» DESCRIPTION OF THE TASK:
From the records below, set down exactly the lines starting with the line that contains "Fortnite 50*50CM Color" and going on through the line that contains "middle-east-cr". Nothing else is wanted.

DATA RECORDS Block Start

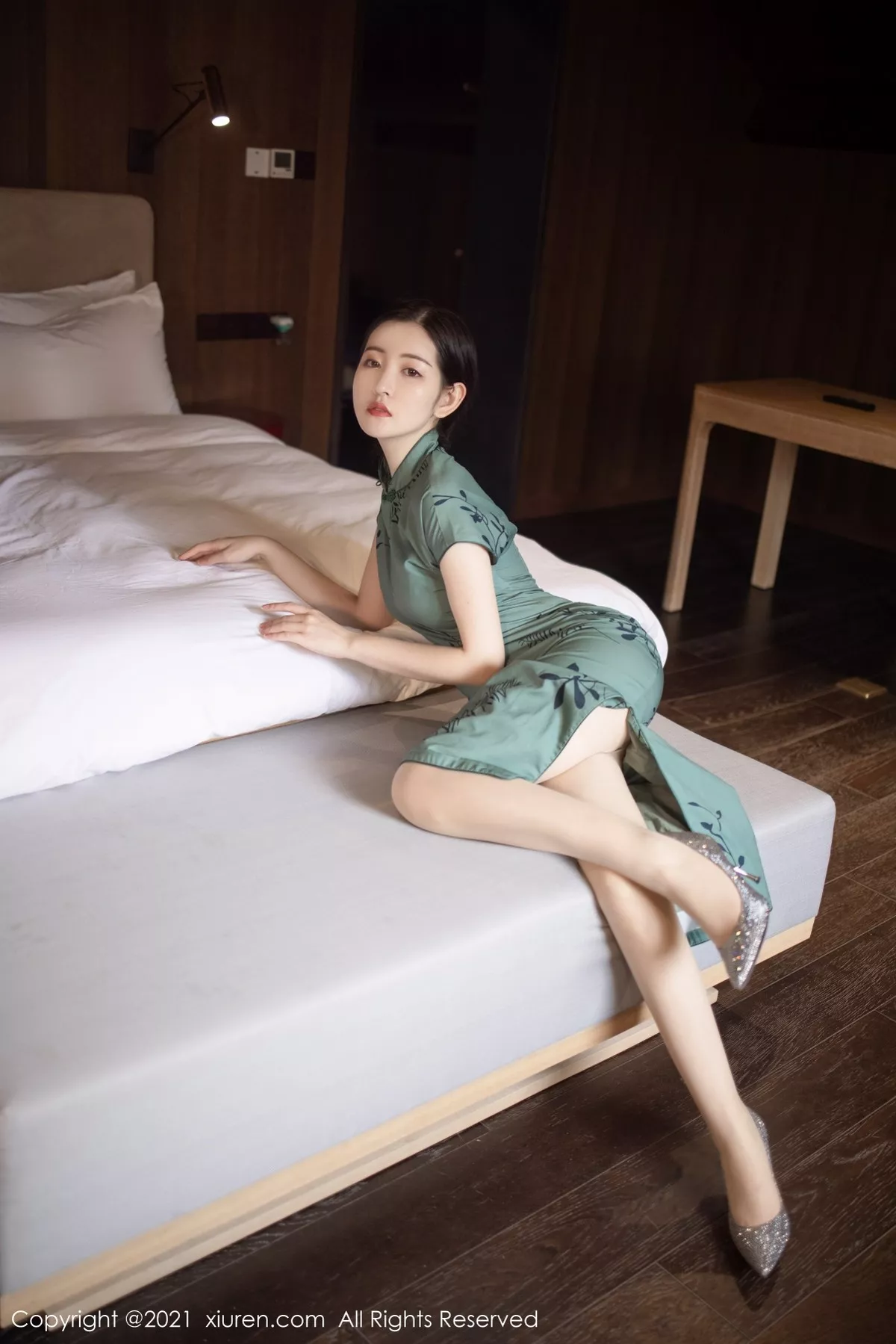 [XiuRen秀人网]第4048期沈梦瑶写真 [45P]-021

DATA RECORDS Block End
DATA RECORDS Block Start

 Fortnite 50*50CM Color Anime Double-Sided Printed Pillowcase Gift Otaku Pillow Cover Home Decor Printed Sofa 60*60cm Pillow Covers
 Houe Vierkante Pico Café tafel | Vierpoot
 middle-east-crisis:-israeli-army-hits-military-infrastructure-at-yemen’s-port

DATA RECORDS Block End

» RESULT:
 Fortnite 50*50CM Color Anime Double-Sided Printed Pillowcase Gift Otaku Pillow Cover Home Decor Printed Sofa 60*60cm Pillow Covers
 Houe Vierkante Pico Café tafel | Vierpoot
 middle-east-crisis:-israeli-army-hits-military-infrastructure-at-yemen’s-port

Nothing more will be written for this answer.